SCRAPPING free TV licences for elderly people would be a detriment to those who are homebound and chronically lonely as well as it being a Tory manifesto breach, Age UK and Labour warned today.

Charity director Caroline Abrahams said that TV is a “precious window on the world” for at least one million people aged over 75 who have disabilities, and around 250,000 elderly people who view it as “their main form of companionship.”

The BBC began its three-month consultation today on whether to axe the free licences after taking on the scheme from the government as part of its charter renewal negotiations.

Shadow media secretary Tom Watson called on ministers to “step in” to continue to provide them free-of-charge as the scheme is due to come to an end in June 2020.

The Tories had promised in their 2017 manifesto that they would “maintain all other pensioner benefits including free bus passes, eye tests, prescriptions and TV licences” until 2022.

Mr Watson said: “The government should never have privatised welfare policy in this way.

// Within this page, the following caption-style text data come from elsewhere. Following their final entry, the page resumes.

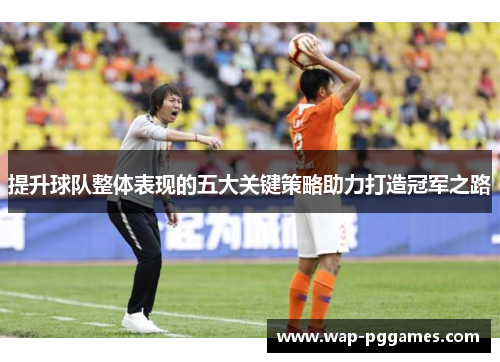 提升球队整体表现的五大关键策略助力打造冠军之路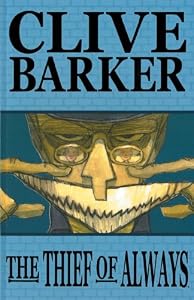 Cover of "Clive Barker's The Thief Of Alw...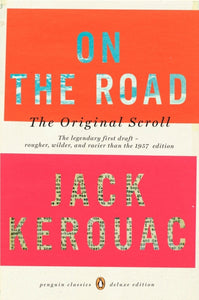 On The Road: The Original Scroll (Penguin Classics Deluxe Edition)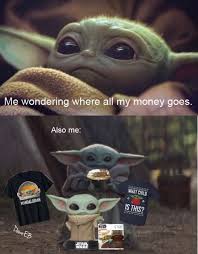 Baby Yoda Where S My Money Yoda Funny Yoda Meme Star Wars Memes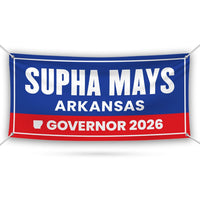 Supha Xayprasith-Mays For Arkansas U.S. Governor Banner Sign, 13 oz Waterproof US Governor Election 2026 Vinyl Banner With Metal Grommets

Labour opposed this move from the start.

“The prospect of elderly people losing their free TV licences makes a mockery of the claim that austerity is over.”

TV licences would cost approximately £745 million a year by 2021/22, the BBC said — a fifth of the broadcaster’s budget.

BBC chairman David Clementi said the corporation’s board, which will make the final call by next summer, “does not underestimate the significance of the decision, its implications for the BBC and its audiences.”

Ending the scheme would mean BBC will not have to make “significant cuts” to other areas, but the board admits that it would particularly affect poorer pensioners who do not currently pay for licences.

The BBC says it could also reform the scheme in various ways including discounting the cost of a licence fee for older people, raising the age from 75 to 80, or introducing means-testing.

A spokesman for the Department for Digital, Culture, Media and Sport said: “We know people across the country value television as a way to stay connected with the world.

“It is right that [the BBC] have confirmed no decisions will be taken until the public have been fully consulted.”